[Short web captions]
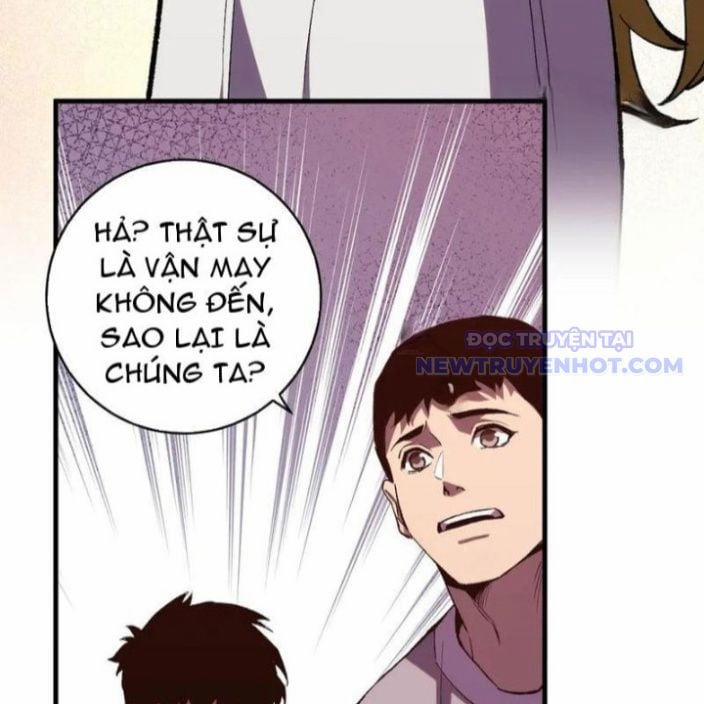 Quốc Vận Chi Chiến: Ta Lấy Bàn Cổ Trấn Chư Thiên 21 trang 35
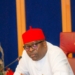 Communal Tension: Eleme Groups Urge Rivers Govt To Demarcate Eleme-Okrika Boundary 5 Communal Tension: Eleme Groups Urge Rivers Govt To Demarcate Eleme-Okrika Boundary
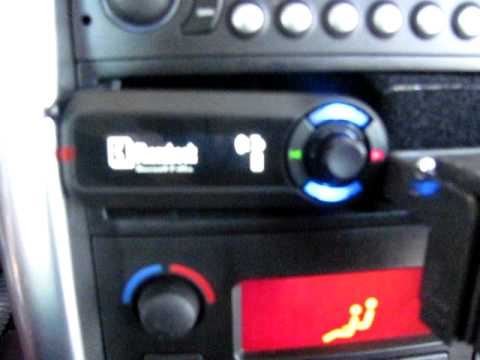 comment installer usb box 207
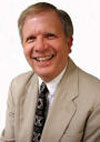Robert  Irwin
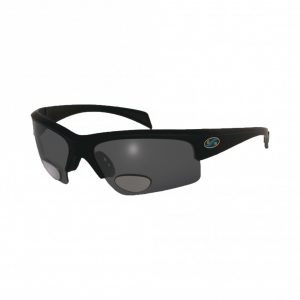 Global Vision Bifocal 2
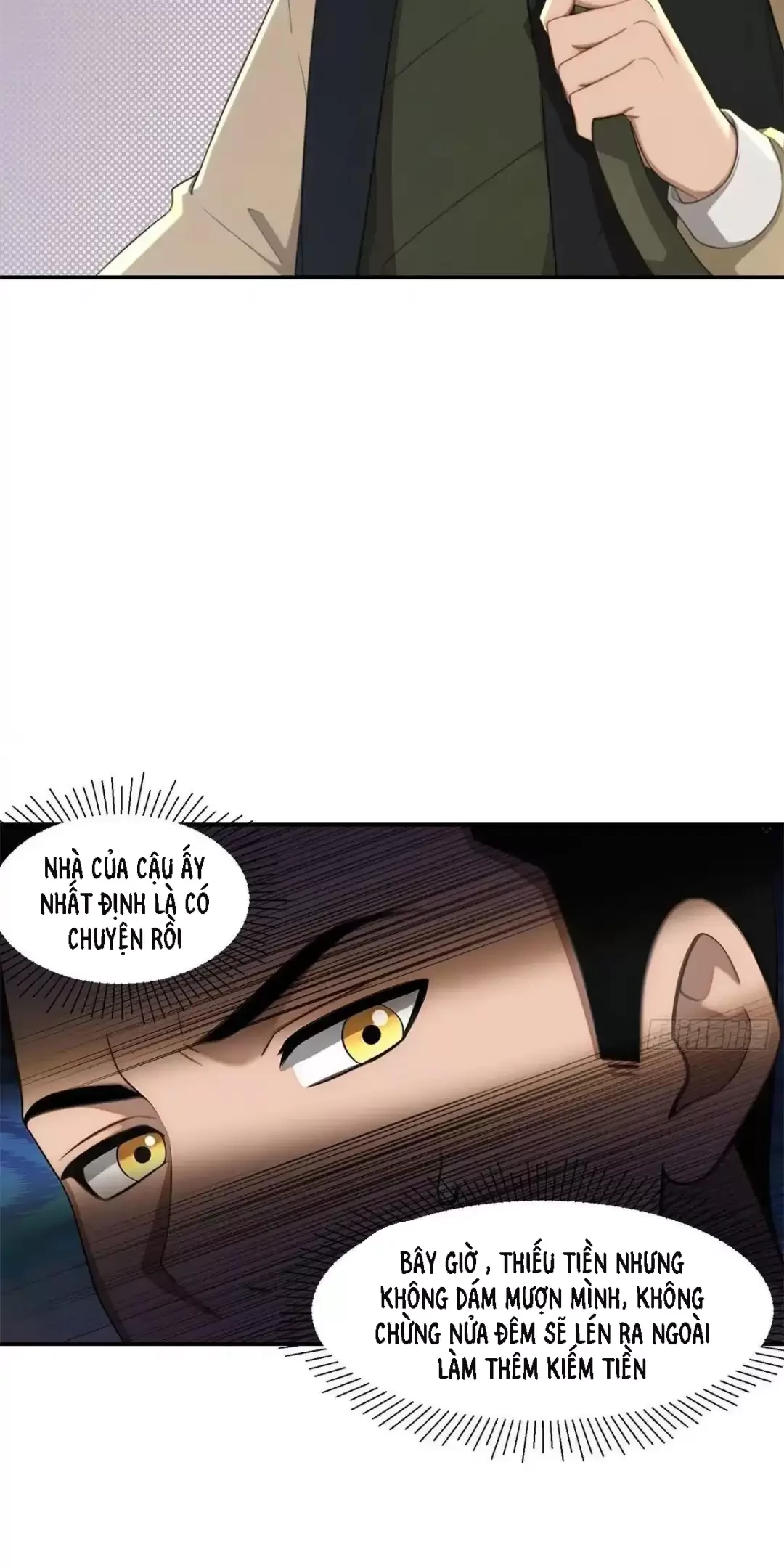 Trùng Sinh 1998 Ta Làm Thập Nhị Đại Phú Hào Chapter 9 - Trang 2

### Your objective
Transcribe all of the entries word for word, but skip any pictures they contain.

### Task result
 Quốc Vận Chi Chiến: Ta Lấy Bàn Cổ Trấn Chư Thiên 21 trang 35
 Communal Tension: Eleme Groups Urge Rivers Govt To Demarcate Eleme-Okrika Boundary 5 Communal Tension: Eleme Groups Urge Rivers Govt To Demarcate Eleme-Okrika Boundary
 comment installer usb box 207
Robert  Irwin
 Global Vision Bifocal 2
 Trùng Sinh 1998 Ta Làm Thập Nhị Đại Phú Hào Chapter 9 - Trang 2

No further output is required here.